Minas Gerais

COVID-19

“Situação é dramática. Postura do governo é premeditada de deixar a doença espalhar”

Unaí Tupinambás avalia os índices da pandemia em Belo Horizonte e a possiblidade da chegada da terceira onda

Belo Horizonte | Brasil de Fato MG |

Ouça o áudio:

"Se a terceira onda se concretizar, não é só por conta da nova variante" - Créditos da foto: Daniel Protzner / ALMG

Talvez não seja uma terceira onda, mas uma inundação. A avaliação é do médico infectologista Unaí Tupinambás, professor do Departamento de Clínica Médica da Universidade Federal de Minas Gerais (UFMG) e membro dos comitês de enfrentamento à covid-19 da Prefeitura de Belo Horizonte e da UFMG.

Em conversa com o Brasil de Fato MG, Unaí avalia os índices atuais da pandemia na capital, relacionadas ao contágio e a à ocupação de leitos.
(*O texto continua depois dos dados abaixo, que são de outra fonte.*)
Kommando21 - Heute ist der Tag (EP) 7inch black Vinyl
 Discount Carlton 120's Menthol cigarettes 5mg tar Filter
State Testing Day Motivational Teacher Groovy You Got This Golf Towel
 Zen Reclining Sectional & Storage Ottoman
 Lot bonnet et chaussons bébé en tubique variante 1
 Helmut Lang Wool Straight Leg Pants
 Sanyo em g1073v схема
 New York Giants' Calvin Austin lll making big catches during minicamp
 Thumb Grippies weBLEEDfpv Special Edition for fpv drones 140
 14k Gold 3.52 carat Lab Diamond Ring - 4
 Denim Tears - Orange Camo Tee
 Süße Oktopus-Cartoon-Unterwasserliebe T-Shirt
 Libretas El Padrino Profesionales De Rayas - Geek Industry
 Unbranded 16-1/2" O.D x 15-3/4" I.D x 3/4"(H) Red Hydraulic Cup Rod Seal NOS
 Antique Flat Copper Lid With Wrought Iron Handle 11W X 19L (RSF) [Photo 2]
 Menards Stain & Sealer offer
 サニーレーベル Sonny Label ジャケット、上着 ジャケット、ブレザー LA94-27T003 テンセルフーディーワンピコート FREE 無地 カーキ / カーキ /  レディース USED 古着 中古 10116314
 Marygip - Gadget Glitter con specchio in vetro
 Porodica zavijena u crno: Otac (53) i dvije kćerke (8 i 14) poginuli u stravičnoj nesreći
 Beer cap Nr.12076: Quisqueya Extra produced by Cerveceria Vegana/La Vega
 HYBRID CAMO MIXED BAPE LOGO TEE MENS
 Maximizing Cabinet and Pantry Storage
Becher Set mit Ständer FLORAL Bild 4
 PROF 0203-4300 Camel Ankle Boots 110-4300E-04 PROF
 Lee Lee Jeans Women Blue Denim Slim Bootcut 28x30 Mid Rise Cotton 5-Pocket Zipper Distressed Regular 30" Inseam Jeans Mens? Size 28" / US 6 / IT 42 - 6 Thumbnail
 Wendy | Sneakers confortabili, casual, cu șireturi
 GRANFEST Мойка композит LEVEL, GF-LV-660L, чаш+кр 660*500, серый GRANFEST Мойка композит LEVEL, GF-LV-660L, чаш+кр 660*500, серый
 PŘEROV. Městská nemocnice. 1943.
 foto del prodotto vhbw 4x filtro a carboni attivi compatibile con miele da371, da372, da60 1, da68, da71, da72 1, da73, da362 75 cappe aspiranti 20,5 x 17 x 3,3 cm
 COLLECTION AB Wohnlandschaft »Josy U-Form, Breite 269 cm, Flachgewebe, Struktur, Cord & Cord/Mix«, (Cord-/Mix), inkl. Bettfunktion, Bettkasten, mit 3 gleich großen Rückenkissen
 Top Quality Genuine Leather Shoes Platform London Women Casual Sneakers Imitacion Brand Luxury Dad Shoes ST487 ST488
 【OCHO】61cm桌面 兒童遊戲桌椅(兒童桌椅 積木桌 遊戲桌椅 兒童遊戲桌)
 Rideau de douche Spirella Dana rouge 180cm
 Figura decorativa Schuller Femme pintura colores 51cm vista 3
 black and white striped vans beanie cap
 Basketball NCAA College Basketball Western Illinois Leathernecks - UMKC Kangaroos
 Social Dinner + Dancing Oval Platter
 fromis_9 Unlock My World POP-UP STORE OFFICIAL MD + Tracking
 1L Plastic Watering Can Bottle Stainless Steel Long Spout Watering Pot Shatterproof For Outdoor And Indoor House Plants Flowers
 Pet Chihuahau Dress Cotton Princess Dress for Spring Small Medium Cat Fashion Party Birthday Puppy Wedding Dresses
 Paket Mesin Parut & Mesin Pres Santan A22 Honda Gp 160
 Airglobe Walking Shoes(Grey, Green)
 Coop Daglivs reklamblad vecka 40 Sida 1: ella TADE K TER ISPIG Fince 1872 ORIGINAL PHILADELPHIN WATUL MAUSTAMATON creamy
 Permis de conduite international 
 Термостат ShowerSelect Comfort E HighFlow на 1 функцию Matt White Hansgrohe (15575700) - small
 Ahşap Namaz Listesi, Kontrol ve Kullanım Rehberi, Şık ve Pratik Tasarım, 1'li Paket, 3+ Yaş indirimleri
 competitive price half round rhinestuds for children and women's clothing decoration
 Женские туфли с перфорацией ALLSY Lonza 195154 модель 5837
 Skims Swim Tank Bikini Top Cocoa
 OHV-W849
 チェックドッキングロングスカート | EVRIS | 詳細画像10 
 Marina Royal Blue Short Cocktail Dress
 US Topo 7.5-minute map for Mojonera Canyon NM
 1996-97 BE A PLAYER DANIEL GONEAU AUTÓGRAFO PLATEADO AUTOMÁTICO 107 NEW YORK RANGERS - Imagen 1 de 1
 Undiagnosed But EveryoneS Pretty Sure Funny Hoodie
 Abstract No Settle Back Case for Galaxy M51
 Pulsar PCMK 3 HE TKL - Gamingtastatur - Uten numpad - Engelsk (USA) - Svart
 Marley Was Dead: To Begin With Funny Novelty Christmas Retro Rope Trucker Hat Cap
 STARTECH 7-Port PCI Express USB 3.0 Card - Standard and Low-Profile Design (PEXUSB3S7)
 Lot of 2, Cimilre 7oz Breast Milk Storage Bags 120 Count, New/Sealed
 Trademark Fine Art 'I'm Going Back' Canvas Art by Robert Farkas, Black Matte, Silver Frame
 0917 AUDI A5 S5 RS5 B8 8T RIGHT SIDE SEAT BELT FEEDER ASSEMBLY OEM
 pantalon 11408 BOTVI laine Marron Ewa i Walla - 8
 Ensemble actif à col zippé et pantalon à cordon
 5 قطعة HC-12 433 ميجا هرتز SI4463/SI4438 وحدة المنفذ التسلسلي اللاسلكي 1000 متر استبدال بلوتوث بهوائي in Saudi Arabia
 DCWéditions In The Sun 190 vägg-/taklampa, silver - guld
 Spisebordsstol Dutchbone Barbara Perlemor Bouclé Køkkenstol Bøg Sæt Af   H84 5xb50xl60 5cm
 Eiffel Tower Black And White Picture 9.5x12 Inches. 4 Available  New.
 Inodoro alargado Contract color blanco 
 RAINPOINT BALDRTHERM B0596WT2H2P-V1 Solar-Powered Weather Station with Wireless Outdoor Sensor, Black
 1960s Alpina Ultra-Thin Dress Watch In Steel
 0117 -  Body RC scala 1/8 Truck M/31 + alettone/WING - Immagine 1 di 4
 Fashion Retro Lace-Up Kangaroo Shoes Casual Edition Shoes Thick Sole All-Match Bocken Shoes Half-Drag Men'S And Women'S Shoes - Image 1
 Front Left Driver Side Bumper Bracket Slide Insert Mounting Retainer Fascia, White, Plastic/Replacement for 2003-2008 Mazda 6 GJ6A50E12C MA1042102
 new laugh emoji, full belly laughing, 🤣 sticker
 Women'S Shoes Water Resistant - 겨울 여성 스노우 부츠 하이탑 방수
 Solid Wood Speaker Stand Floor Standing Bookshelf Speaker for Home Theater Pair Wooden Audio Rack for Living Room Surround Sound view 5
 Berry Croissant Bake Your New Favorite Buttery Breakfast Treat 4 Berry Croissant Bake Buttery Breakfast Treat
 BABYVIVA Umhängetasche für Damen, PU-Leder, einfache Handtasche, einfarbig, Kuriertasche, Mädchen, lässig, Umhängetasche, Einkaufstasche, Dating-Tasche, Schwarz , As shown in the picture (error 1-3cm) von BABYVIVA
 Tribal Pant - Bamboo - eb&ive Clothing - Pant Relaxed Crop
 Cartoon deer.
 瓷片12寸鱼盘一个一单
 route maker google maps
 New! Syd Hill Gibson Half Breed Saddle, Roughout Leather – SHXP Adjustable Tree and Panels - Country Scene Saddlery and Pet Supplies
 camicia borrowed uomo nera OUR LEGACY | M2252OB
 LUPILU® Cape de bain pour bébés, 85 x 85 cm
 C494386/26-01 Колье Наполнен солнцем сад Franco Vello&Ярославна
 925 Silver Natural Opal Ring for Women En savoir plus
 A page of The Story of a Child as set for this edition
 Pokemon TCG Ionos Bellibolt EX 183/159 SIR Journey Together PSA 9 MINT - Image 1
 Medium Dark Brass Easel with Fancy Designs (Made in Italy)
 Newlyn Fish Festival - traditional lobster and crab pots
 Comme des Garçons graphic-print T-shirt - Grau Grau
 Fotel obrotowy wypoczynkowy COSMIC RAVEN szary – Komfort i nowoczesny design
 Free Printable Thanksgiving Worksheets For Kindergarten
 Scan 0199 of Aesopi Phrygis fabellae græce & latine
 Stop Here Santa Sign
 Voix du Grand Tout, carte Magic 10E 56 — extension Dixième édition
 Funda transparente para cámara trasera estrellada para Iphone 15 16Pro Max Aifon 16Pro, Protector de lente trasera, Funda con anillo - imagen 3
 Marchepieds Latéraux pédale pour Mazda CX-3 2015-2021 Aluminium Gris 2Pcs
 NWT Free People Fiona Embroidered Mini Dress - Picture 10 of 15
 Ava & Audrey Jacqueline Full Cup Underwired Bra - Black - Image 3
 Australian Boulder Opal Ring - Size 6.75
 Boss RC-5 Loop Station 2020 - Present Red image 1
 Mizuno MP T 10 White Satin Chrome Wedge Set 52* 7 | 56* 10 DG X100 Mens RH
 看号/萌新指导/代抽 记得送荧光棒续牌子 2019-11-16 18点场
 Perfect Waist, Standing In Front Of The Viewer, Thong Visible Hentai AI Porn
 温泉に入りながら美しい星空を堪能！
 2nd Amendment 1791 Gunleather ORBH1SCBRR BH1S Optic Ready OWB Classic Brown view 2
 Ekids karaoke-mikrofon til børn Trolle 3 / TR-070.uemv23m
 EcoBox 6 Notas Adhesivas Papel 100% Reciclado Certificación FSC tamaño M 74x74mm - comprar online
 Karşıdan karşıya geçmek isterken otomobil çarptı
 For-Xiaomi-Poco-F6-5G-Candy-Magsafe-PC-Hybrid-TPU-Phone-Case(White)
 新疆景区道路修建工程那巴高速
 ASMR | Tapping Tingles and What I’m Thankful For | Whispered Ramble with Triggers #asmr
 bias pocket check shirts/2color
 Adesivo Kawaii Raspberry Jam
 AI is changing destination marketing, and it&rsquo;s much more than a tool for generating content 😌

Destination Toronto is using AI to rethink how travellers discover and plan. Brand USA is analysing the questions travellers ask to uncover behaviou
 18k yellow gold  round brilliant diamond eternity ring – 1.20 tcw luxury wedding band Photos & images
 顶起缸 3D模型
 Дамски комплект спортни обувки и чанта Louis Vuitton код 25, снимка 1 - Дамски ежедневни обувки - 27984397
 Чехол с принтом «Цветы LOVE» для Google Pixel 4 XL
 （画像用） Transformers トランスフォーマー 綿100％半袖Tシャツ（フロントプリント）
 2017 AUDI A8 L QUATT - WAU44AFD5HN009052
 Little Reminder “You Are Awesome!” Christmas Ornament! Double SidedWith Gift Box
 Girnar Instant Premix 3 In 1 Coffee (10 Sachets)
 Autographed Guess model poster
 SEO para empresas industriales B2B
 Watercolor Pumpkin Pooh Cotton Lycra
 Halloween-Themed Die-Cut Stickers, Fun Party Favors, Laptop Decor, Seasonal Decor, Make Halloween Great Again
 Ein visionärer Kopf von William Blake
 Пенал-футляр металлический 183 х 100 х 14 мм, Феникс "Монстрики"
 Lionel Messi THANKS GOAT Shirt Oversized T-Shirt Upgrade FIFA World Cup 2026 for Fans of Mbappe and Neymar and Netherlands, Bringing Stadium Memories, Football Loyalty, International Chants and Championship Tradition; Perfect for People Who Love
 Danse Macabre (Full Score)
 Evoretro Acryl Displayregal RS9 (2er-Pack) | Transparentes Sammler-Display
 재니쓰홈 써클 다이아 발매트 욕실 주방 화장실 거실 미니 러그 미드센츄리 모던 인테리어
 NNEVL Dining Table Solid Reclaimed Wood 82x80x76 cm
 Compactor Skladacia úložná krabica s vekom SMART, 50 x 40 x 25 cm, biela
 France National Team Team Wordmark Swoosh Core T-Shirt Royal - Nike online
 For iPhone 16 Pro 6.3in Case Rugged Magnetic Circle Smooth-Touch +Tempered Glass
Frente à realidade do Sul de Minas Gerais, e de outros estados brasileiros, que sofrem com o colapso do sistema de saúde, o médico acredita que a solução é lockdown, vacinação em massa, manutenção do distanciamento social e uso de máscara, e, acima de tudo, auxílio emergencial decente para a população.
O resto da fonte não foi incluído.